Religions for Peace
- Type: Non-governmental organization (NGO)
- Headquarters: 777 United Nations Plaza, 9th Floor New York, NY 10017
- Members: Over 97 countries
- Website: www.rfp.org

= Religions for Peace =

International religious organization

Religions for Peace is an international coalition of representatives from the world's religions dedicated to promoting world peace. It was founded in 1970.

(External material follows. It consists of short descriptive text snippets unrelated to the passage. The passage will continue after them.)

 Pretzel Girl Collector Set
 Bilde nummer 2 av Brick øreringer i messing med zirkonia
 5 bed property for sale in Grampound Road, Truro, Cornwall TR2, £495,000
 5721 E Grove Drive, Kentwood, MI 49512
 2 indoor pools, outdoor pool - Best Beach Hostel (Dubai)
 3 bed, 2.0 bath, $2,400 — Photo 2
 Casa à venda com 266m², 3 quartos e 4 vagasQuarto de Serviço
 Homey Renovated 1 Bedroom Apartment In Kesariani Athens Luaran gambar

The International Secretariat's headquarters is in New York City, with regional conferences in Europe, Asia, Middle East, Africa and the Americas. Religions for Peace enjoys consultative status with the United Nations Economic and Social Council (ECOSOC), with UNESCO and with UNICEF. From August 2019 until June 2023, Azza Karam was the Secretary General, proceeding William F. Vendley. In February 2024, Dr. Francis Kuria Kagema was appointed by the World Council as Secretary General.

World Assemblies
| 1970 | Kyoto, Japan |
| 1974 | Leuven, Belgium |
| 1979 | Princeton, New Jersey, United States |
| 1984 | Nairobi, Kenya |
| 1989 | Melbourne, Australia |
| 1994 | Riva del Garda, Italy |
| 1999 | Amman, Jordan |
| 2006 | Kyoto, Japan |
| 2013 | Vienna, Austria |
| 2019 | Lindau, Germany |

The 2020 Sunhak Peace Prize was awarded to President Macky Sall of Senegal and Bishop Munib Younan of Religions for Peace.

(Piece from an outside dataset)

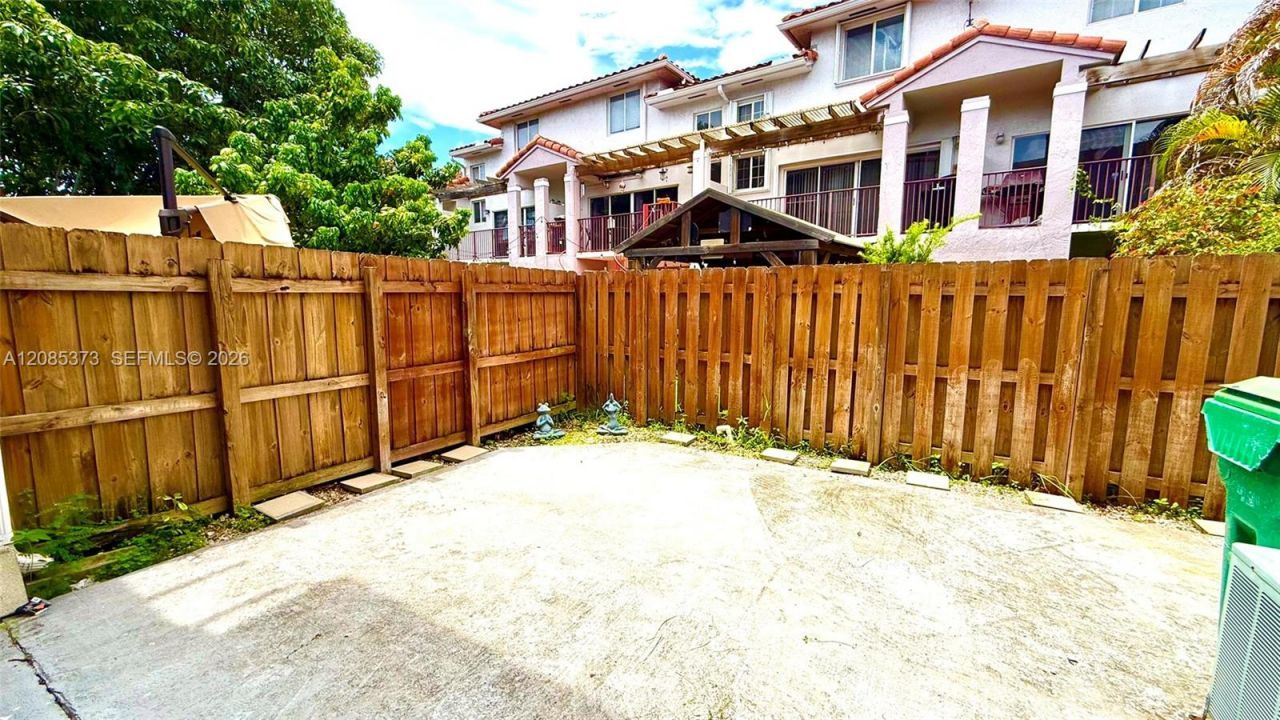 10130 SW 154th Cir Ct, Unit 104-9, Miami, FL 33196 Photo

In 2020 Religions For Peace was nominated for the "Freedom of Worship" Four Freedoms Award.

== Operations and Global Networks ==

Religions for Peace operates with the support of Interreligious Councils (IRCs) established in six global regions. The leaders of these IRCs are representatives of religious communities who mobilize people of all faith traditions to collaborate on shared goals.

=== Global Women of Faith Network ===
The Global Women of Faith Network is a women's collective led by the International Women’s Coordinating Committee, which is composed of 11 women from various faith traditions. In 2023, Religions for Peace launched the Women of Excellence in Multi-Religious Action Award to recognize the contributions of women of faith and women-led initiatives in peacebuilding and interfaith cooperation.

=== Multireligious Humanitarian Fund ===
The Multireligious Humanitarian Fund supports 20 multi-faith projects across 20 countries. Originally launched during the COVID-19 pandemic, the fund continues to support grassroots humanitarian efforts. Among its supported initiatives are:
- Emergency humanitarian assistance for refugees and internally displaced peoples in Cameroon, led by the Cameroonian Association for Interreligious Dialogue (ACADIR)
- Crisis response for displaced people in Ukraine, implemented by Malteser International – Order of Malta Worldwide Relief

=== Events ===
The 1st Assembly on Women, Faith, and Diplomacy was held from 10–13 November 2020. The event brought together leaders from government, civil society, and multilateral institutions. Plenaries focused on topics such as leadership, gender equality, values-inspired education, and the role of women in diplomacy.